Let's not forget that the dugout seats sell for good money, and if the stadium commission or the Twins themselves installed netting or screens, the reduced visibility would certainly lower the perceived value of the seats, much more than the increased safety. (This is also almost certainly why there isn't similar resistance to putting screens at Siefert or in Little League parks, where the facility owners are less profit-minded.)

Now I don't want to wholly demonize the Twins organization here -- they do make an effort to inform people of the risks of being hit with a batted ball. As noted, there's a notice on every ticket, and, at the Metrodome at least, there was a PA announcement before every game warning fans of the dangers. There are warnings on the Twins website, even for the spring training page. But the reality is that these warnings aren't really effective, just as similar warnings in 19th century worksites didn't prevent significant numbers of major injuries to workers on the powerful machines of the day -- what finally lowered the rate of serious injury was when government started holding the owners of the machines liable for the injuries to their workers. Once it was a question of the pocketbook, the cheap and ineffective warnings combined with blaming the workers ended and owners invested in safer machinery and better training to actively reduce worker injuries, because in the long run, that was cheaper than paying for the injured workers' treatment.
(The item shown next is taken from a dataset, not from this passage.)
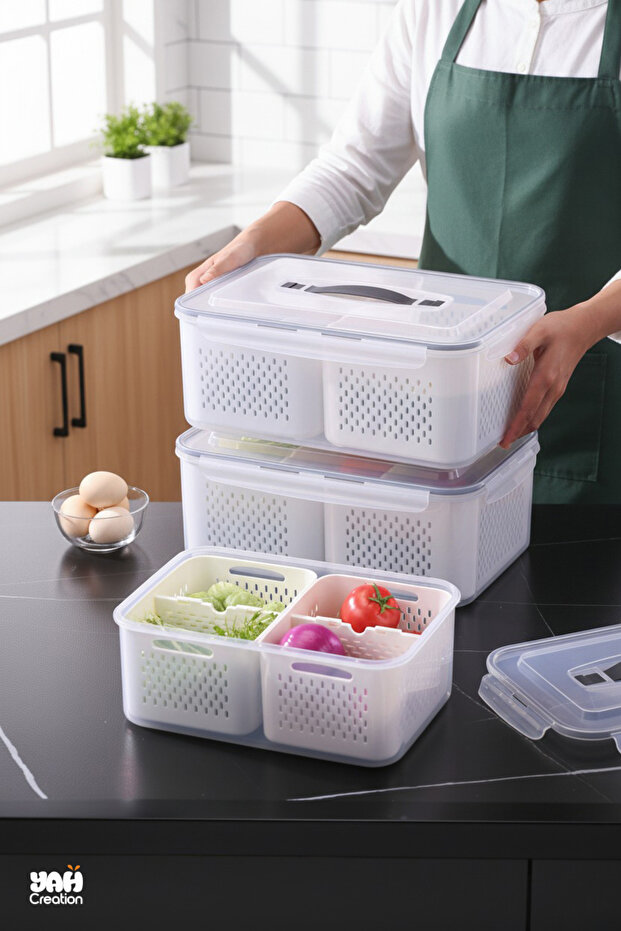 YAH XL Smart Kitchen Storage Box -Airtight Fridge & Pantry Organizers (2 Draining Baskets /Dividers)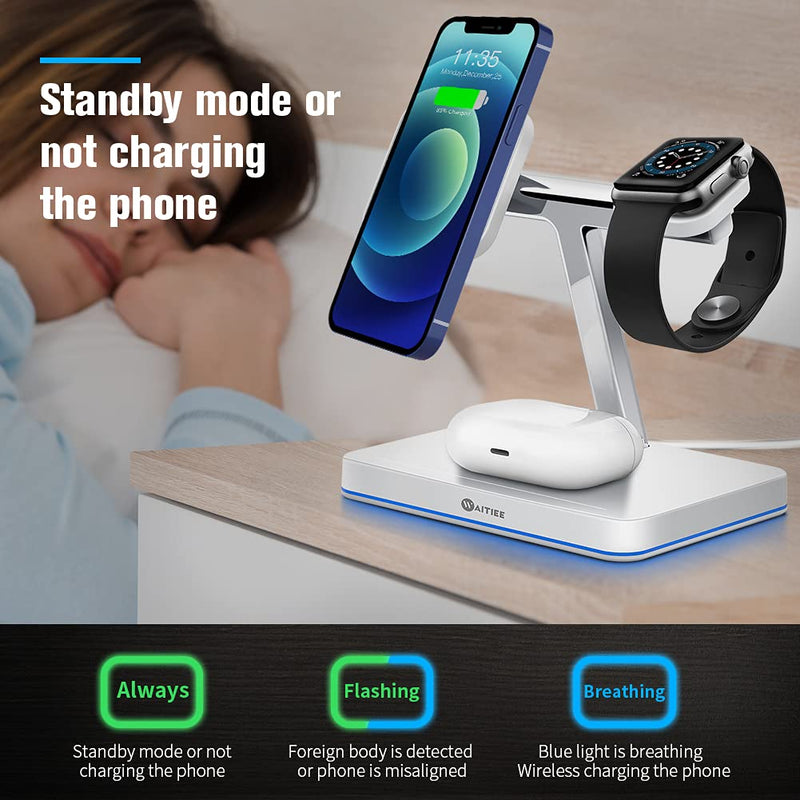  [AUSTRALIA] - WAITIEE 3 in 1 Magnetic Charger Wireless Charging Station Compatible with iPhone 13/13pro/13 promax/13mini/12/12 Pro/12 Pro Max/12 Mini,iWatch SE/6/5/4/3/2, Airpods 2/Pro with QC 3.0 Adapter white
It's also interesting to note that sometimes the courts ignore the 'baseball rule' -- it's rare, and usually involves injury to a child where the court finds that the parent did his or her best to uphold her duty to protect and care for their children. But, as noted at this site, largely this just complicates the issue and makes it less clear when or to what degree the 'baseball rule' applies and how much liability is negated by its application.

Perhaps it's time to end the 'baseball rule' and make baseball clubs liable for the injuries done to their fans. Based on the last serious injury I can find in the local media, it's just about time for another one anyway.